Mais ne vous inquiétez pas, bonnes gens, les infirmiers libéraux sont déjà à contribution pour jouer au docteur…ça coute moins cher, ce qui n’empèche pas la sécu de nous fliquer tout le temps alors qu’on les a soulagé depuis un an du contrôle des papiers en s’en chargeant nous-mêmes (bon, on nous a pas vraiment demandé si ça nous arrangeait, mais on trouve normal qu’on fasse plein de trucs de gestion en plus des soins sans se demander si ça nous laisse du temps pour les gens), alors que les médecins tiquent de plus en plus pour rédiger les ordonnances (probablement une petite épée de Damoclès à base de flicage statistique de la sécu qui les inhibe un peu), mais que si on ne les a pas, et bien on ne peut pas se faire payer, donc……
et je ne parle pas des SSIAD, qui en fin de compte captent pas mal de fonds de l’état, mais les redistribuent-ils? Avec ma collègue nous avons un contentieux depuis plus d’un an avec un SSIAD qui nous a décôté des soins (qu’on doit facturer à leurs services pour qu’ils nous règlent avec l’argent qu’ils perçoivent de la sécu).
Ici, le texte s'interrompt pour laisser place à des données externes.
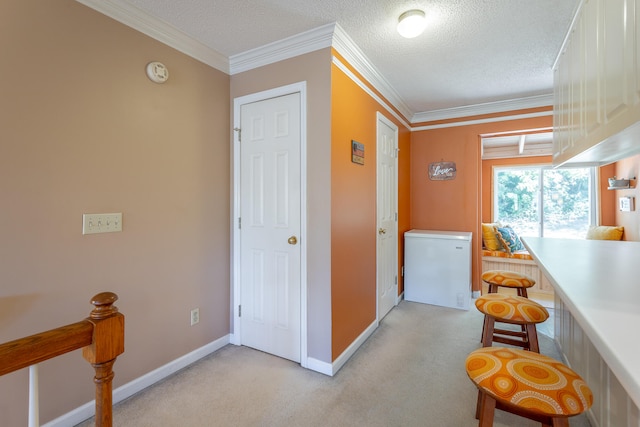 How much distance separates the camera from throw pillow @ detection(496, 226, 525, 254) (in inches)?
179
Etrangement, depuis deux ans, ils ont de moins en moins de patients, pourtant ils doivent toucher des sous….où cela passe-t-il?
Donc les problèmes sont à voir non seulement dans la gestion des dépenses, mais surtout l’esprit de qui a les moyens en main : sont-ils pensés pour l’intérêt de la communauté? Ou y a-t-il par trop de conflits d’intérêts de la part de trop d’acteurs intermédiaires qui se paient sur la bête alors qu’en fait, ils n’ont pas de réelle utilité sur le terrain?
Tout ça pour dire qu’avec un peu moins de bureaucrates penseurs du réel, mais un peu plus de moyens à la base, les choses tourneraient bien mieux pour beaucoup moins cher.